The Met Gala’s Garden of Delights

Red Carpet Fashion’s Big Night Was Full of Statement Dressing, but Lacked Real Statements

Red carpet fashion’s biggest night was aglitter with crystal flowers, ephemeral reflections, and
buzzworthy branding. While the looks of the 2024 Met Gala in some ways felt more
disconnected from the dress code than ever, an intriguing pattern of designer-ambassador link
ups emerged, pointing to the continued development of the role of creative director. Meanwhile,
there were some notable absences – which were made particularly sharp by the Costume
Institute Benefit’s theme and context.

The event’s dress code, “The Garden of Time,” is borrowed from the title of a J.G. Ballard short
story that is a somewhat ironic – or, depending on how you look at it, very fitting – choice for the
famously decadent gala given the narrative’s critique of out-of-touch aristocratic splendor. The
story follows a count and countess who live in a splendid hilltop villa surrounded by a garden of
crystalline “time flowers,” which, when picked, alter and slow the passing of time. Yet in the
distance, a “great unwashed” army of poor citizens approaches, clamoring to reclaim the
couple’s wealth as they play Mozart and study in the library. Picking a flower slows the
approach of the mob, but it only delays the inevitable. When they finally reach the villa, it has
run out of time, and is nothing more than a decaying ruin, a ghost of the wealth and beauty it
once was.

While this critical parable of class consciousness might have made for some truly interesting
conceptual departures for the outfits of celebrity guests, everyone played it safe, opting for literal
interpretations of the “garden” part of the theme, referencing the archival aspect of the Costume
Institute’s exhibition, or simply ignoring the dress code altogether.
In this first floral category were Zendaya in Maison Margiela, Greta Lee and Taylor Russell in
Loewe, Elizabeth Debicki and Alexandra Daddario in Dior couture, Gigi Hadid and Jayden Smith
in Thom Browne, Kerry Washington in Oscar De La Renta, Christian Cowan and Sam Smith –
making their Met Gala debut as a couple – wearing complementary Christian Cowan tuxes, and
many more. Jennifer Lopez in Schiaparelli, Janelle Monáe in Vera Wang, and Emily
Ratajkowski in Versace leaned a bit deeper into the theme’s literary inspiration with dresses
constructed of sculptural, crystalline floral motifs.

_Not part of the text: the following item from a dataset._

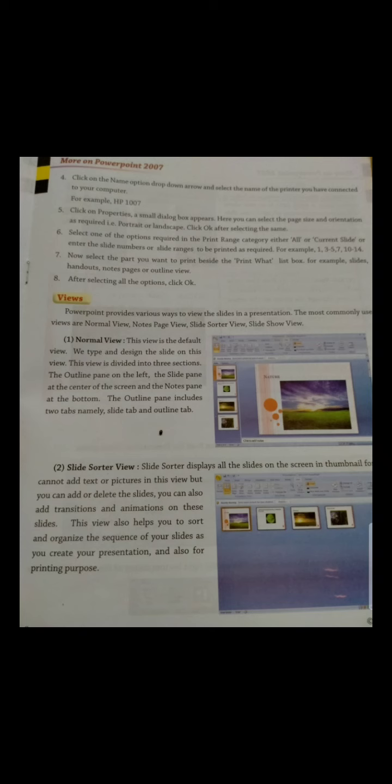The printing options in PowerPoint 2007 are similar to those in Microsoft Word 2007. As we have learned in Word 2007, we will print it similarly. You can select various options for printing the slides: color or black and white, page orientation, paper size. You can also print one slide or multiple slides on one page as required.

But on the crystal front it was of course the Swarovski squad that brought the biggest shine.
Creative director Giovanna Engelbert arrived with a trio of models and previous faces of the
brand, Karlie Kloss, Anok Yai, and Imaan Hammam, each wearing custom looks crafted with
tens of thousands of crystals.

This practice of designer and celebrity muse pairings was one of the emerging trends that
defined the night. Guram Gvasalia of Vetements, for example, arrived with Doja Cat, who he
dressed in just a towel – a Vetements clone of an Ikea towel, to be precise. Lily Gladstone was
captured with Gabriela Hearst wearing a custom Gabriela Hearst dress that referenced the
actor’s indigenous heritage. Chemena Kamali arrived with a group of celebs wearing her debut
Chloé collection. In addition to the stars looking excellent in his Burberry, Daniel Lee was also
wearing himself. And while Demna himself didn’t make an appearance in person, his presence
was nonetheless felt in the many Balenciaga brand ambassadors wearing his (not on-theme)
latest eveningwear pieces, including Michelle Yeoh, Nicole Kidman, and Michael Shannon.
What does this emerging pattern of creative directors stepping into the spotlight alongside their
own creations mean for the direction of luxury branding? For starters, it feels deeply emblematic
of the way a creative director’s duties for a major luxury fashion house extend far beyond
designing clothes and deep into building, and even being, the brand. In this connection, it’s also
intriguing to consider the absence of leading luxury brands that have made big style statements
through celebrity dressing in previous years. Notable absences included Gucci, Louis Vuitton,
and Bottega Veneta, who are perhaps eschewing this one big night in favor of investing in more
longer term strategies that better fit their unique brand needs.

But the biggest absence of the night was any meaningful recognition of art’s duty to respond to
what is happening in the world. As the night coincided with a huge Condé Nast workers strike
against exploitative labor practices and the Israeli military’s launch of a full-scale invasion and
bombing of Palestinian refugees in Rafah, which it had designated as a safe zone, it’s
disappointing that none of the hundreds of brands or celebrities present used their huge
platform to make a real statement. In this sense, then, the “Garden of Time” is eerily fitting: as
the world riots around it, luxury can only seem to pick its crystal roses and enjoy its own
company. While many of these looks were beautiful, it’s clear that fashion is still asleep.